## Recorded information
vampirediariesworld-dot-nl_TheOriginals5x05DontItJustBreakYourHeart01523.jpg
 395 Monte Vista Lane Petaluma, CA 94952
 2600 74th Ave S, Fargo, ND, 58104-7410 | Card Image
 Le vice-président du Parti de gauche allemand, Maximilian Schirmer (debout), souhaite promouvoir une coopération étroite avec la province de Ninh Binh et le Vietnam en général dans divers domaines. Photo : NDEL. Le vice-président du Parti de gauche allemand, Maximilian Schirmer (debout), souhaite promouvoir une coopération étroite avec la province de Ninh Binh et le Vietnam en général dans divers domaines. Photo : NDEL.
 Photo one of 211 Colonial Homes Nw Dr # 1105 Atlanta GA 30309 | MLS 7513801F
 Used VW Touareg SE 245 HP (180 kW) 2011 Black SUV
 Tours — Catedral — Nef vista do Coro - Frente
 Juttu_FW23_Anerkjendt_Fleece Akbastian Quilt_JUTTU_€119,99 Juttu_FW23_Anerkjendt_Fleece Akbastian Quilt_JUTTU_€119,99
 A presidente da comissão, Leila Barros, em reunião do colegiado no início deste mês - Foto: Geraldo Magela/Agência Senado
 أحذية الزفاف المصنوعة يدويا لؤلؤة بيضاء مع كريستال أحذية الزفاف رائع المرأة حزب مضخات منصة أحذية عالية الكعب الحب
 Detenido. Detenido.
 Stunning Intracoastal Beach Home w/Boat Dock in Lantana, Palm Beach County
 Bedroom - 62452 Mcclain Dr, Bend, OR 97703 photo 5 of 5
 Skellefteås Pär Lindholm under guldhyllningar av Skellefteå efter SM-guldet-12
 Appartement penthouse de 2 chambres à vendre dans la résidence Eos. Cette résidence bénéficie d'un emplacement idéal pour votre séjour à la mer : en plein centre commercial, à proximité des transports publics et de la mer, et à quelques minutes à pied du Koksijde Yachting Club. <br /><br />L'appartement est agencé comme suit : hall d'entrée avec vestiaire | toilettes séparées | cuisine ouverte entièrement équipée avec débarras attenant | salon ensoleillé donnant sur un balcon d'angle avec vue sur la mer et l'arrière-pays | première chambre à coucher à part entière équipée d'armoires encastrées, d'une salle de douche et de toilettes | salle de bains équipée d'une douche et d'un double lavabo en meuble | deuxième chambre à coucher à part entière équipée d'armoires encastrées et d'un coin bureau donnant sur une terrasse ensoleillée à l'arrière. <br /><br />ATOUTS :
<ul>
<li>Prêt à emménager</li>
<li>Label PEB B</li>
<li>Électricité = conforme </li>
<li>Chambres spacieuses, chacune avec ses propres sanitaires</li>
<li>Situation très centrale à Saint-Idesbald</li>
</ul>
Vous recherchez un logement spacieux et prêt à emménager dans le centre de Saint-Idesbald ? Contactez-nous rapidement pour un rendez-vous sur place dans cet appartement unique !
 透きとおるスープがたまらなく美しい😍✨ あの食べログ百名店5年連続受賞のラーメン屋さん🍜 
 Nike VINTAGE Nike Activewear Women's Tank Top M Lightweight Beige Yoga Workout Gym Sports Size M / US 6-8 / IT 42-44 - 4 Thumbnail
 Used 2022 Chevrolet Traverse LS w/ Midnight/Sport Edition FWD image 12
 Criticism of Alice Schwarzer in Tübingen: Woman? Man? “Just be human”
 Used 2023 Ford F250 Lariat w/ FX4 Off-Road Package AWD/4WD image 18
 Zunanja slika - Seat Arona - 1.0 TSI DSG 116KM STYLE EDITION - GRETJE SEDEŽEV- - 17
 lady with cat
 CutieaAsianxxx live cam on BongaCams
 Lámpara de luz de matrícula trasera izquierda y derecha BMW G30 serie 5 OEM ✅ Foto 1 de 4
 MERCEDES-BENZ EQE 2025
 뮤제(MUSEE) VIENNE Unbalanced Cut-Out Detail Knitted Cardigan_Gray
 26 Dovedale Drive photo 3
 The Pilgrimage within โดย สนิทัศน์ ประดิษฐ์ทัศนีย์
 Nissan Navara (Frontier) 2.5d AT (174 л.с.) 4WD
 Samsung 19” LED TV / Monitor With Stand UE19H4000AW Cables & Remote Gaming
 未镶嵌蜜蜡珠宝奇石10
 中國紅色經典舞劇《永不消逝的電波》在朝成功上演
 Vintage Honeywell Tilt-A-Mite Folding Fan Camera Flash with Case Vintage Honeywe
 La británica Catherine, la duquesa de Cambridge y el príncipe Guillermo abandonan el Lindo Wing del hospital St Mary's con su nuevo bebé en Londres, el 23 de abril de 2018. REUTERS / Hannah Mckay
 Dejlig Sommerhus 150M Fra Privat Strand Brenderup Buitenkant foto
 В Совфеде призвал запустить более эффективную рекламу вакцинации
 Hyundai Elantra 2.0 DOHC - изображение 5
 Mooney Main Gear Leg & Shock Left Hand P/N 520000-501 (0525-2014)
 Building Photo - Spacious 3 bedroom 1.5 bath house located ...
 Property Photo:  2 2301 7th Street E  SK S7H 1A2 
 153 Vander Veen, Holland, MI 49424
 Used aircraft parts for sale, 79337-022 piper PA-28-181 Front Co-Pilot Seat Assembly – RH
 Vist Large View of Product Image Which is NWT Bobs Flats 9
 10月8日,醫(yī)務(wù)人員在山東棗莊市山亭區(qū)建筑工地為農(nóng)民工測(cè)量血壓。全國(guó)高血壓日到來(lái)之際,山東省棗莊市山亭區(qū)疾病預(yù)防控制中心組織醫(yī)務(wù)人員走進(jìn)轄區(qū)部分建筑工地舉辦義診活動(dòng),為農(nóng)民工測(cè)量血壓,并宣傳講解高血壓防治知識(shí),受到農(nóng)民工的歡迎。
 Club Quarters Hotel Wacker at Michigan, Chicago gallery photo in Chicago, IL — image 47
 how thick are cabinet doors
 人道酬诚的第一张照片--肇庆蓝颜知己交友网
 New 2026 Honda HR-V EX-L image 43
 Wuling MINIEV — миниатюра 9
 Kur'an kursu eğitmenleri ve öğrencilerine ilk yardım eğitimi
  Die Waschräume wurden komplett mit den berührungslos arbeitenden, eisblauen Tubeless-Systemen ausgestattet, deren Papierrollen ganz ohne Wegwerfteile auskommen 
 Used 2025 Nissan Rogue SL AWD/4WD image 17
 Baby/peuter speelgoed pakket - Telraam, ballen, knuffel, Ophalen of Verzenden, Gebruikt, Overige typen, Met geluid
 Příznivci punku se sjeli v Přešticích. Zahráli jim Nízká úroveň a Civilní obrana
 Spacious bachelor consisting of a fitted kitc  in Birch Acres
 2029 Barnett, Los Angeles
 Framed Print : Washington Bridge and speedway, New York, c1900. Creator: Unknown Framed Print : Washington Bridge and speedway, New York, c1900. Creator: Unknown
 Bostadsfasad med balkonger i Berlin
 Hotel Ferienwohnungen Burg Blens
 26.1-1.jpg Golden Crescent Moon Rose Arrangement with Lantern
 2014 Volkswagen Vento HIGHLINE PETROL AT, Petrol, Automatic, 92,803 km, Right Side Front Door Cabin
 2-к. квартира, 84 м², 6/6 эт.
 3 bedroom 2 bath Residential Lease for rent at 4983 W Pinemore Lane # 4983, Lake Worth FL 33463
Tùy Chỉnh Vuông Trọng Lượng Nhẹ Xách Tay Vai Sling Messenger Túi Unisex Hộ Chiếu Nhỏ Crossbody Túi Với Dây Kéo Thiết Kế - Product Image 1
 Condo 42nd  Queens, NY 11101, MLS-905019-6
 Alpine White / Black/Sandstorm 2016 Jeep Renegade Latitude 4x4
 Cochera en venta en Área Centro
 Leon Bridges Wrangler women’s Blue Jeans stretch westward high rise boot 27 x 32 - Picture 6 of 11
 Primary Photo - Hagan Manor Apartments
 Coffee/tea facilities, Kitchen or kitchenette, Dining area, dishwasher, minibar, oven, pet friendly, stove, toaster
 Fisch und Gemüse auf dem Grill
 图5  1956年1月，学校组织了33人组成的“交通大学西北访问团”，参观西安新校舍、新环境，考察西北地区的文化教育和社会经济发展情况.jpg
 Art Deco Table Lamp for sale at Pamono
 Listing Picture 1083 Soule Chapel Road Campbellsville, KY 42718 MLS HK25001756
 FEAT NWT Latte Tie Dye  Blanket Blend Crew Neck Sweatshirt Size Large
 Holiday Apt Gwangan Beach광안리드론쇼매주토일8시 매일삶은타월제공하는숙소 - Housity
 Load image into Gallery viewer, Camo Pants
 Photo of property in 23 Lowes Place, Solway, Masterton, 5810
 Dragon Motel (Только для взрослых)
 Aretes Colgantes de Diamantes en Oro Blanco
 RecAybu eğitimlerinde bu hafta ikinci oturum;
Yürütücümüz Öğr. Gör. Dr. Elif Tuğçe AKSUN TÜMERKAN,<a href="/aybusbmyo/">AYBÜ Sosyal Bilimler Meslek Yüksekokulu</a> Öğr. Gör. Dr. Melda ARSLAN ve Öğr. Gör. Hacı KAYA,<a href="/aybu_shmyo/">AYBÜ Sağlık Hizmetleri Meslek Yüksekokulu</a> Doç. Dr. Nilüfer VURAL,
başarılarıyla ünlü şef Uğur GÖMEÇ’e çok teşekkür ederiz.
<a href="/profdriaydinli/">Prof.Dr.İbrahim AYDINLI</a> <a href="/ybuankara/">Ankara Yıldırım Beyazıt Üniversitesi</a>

## Aim of the task
Based on the records above, how many lines hold the string "Size"? Answer with the number by itself.

## Response to this exercise
2